In the past year, a number of developments occurred with respect to the resolution and settlement of data breach class actions. While some have created peril, opportunities also exist. This article will discuss some of these developments that may impact the future of class action cases and settlements.
First, an increasing number of data breach lawsuits are being filed in state court rather than in federal court. Several possible reasons exist for this development. For one, federal courts have limited subject matter jurisdiction and have generally taken a narrower view with respect to the issue of constitutional standing, particularly where plaintiffs have not pleaded actual existing harm. On the other hand, state courts ordinarily do not have the same strict subject matter jurisdiction requirements. If plaintiffs wish to avoid significant motion practice over standing issues, then state court perhaps provides a more litigant-friendly and less expensive forum. Two, limiting the class definition to mostly in-state residents with a claim against a domiciled defendant can impact whether a case is removable to federal court. And three, the laws, rules and cases in state courts may be less exacting in terms of certifying or settling class action lawsuits.

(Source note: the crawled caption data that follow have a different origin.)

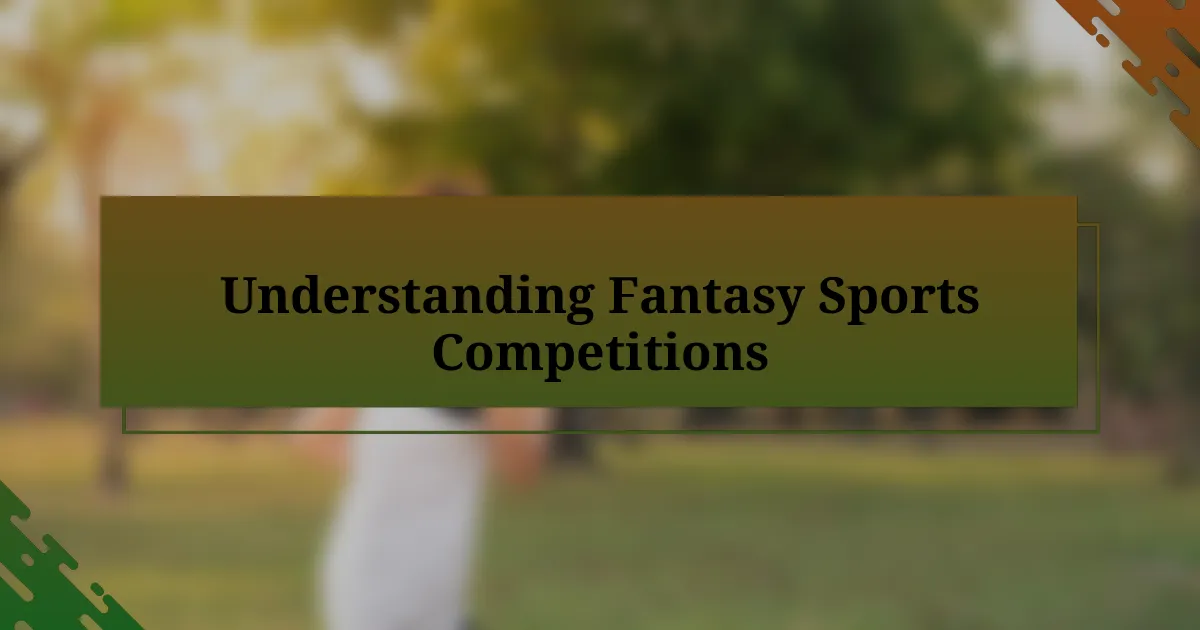 Understanding Fantasy Sports Competitions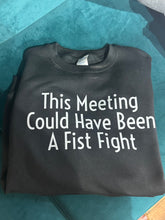 Load image into Gallery viewer, This meeting could have been a fist fight crewneck sweatshirt
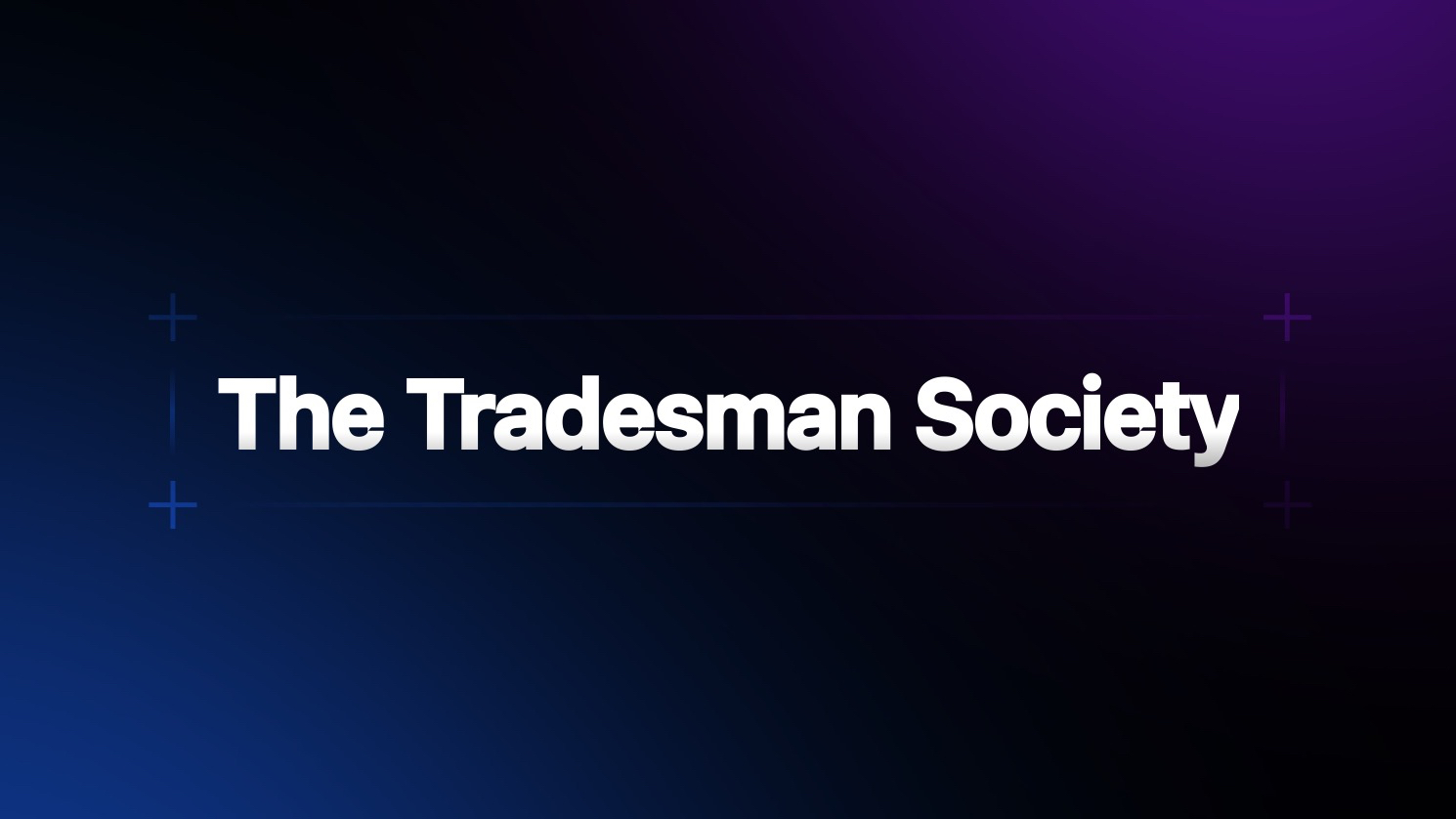 The Tradesman Society Pro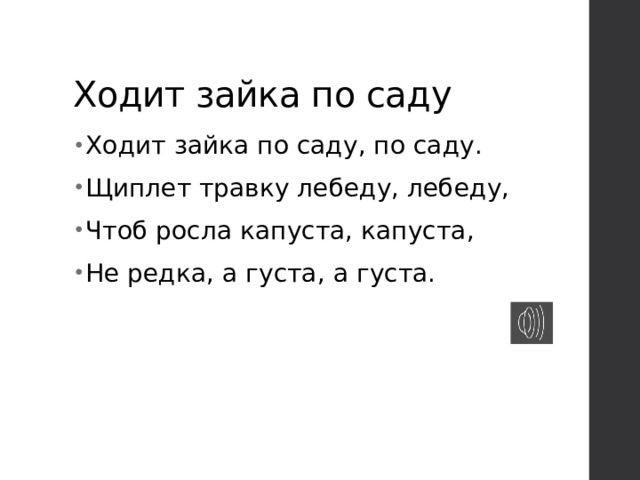 Ходит зайка по саду Ходит зайка по саду, по саду. Щиплет травку лебеду, лебеду, Чтоб росла капуста, капуста, Не редка, а густа, а густа.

Second, two federal courts have recently certified classes in data breach cases. The U.S. District Court for the Southern District of Florida certified a nationwide negligence class (and a California statutory claim class) of consumers who alleged their personal and payment card information was stolen, finding the Rule 23 class certification requirements were met even though significant causation and damages questions existed. In re Brinker Data Incident Litig., No. 18-CV-686, 2021 WL 140558 (S.D. Fla. Apr. 14, 2021). In its class certification ruling, the court limited the class to those persons whose information had been accessed by cybercriminals and had incurred time or expense to mitigate consequences of the breach, thus attempting to avoid the risk of class members without standing or injury. Brinker is currently on a Rule 23(f) appeal to the U.S. Court of Appeals for the Eleventh Circuit. In the consolidated Marriott Hotels data breach litigation in the District of Maryland, where plaintiffs alleged hackers stole the personal information of hundreds of millions of hotel guests, the court certified eight Rule 23(b)(3) damages classes based on an “overpayment” benefit-of-the-bargain damage theory on contract and consumer protection claims as well as Rule 23(c)(4) issue classes on negligence claims. In re Marriott Intern. Inc. Customer Data Breach Litigation, Case No. 8:19-md-0278, 341 F.R.D. 128 (D. Md. May 3, 2022). Marriott is currently on a Rule 23(f) appeal to the Fourth Circuit. The outcome in both appeals is uncertain but, to the extent settlement negotiations include debate about the viability of class certification in data breach cases, these two decisions may have a future impact.
Third, a recent jury verdict of nearly $230 million in the Northern District of Illinois made headlines. Rogers v. BNSF Rwy. Co., Case No. 1:19-cv-3083 (N.D. Ill. Oct. 12, 2022).
While different from typical data breach actions where information is alleged to have been stolen or accessed by a third party, Rogers involved claims under the Illinois Biometric Information Privacy Act. Under BIPA, a violation can be found merely by capturing biometric data (e.g., fingerprints) without consent and does not require access to or disclosure of the data. The violation can lead to substantial statutory damages in a class setting as the Rogers verdict reflects. It remains to be seen whether the verdict will affect settlements higher in the data breach space.
Fourth, we have seen more courts deny motions to dismiss substantive claims and causes of action. Some courts have allowed variations of the contention that plaintiffs and class members could suffer future harm as a result of a breach. Plaintiffs have increased their attention to pleading the possibility of future harm (e.g., possible dark web exposure allegations) even where actual damage does not exist and often adding more specific allegations tying causation to the data incident. As a result, where parties are trying to resolve cases before or during the motion to dismiss stage, with defendants arguing that the likelihood of dismissal exists, we anticipate plaintiffs will begin to oppose the arguments with more strength given some of these recent decisions.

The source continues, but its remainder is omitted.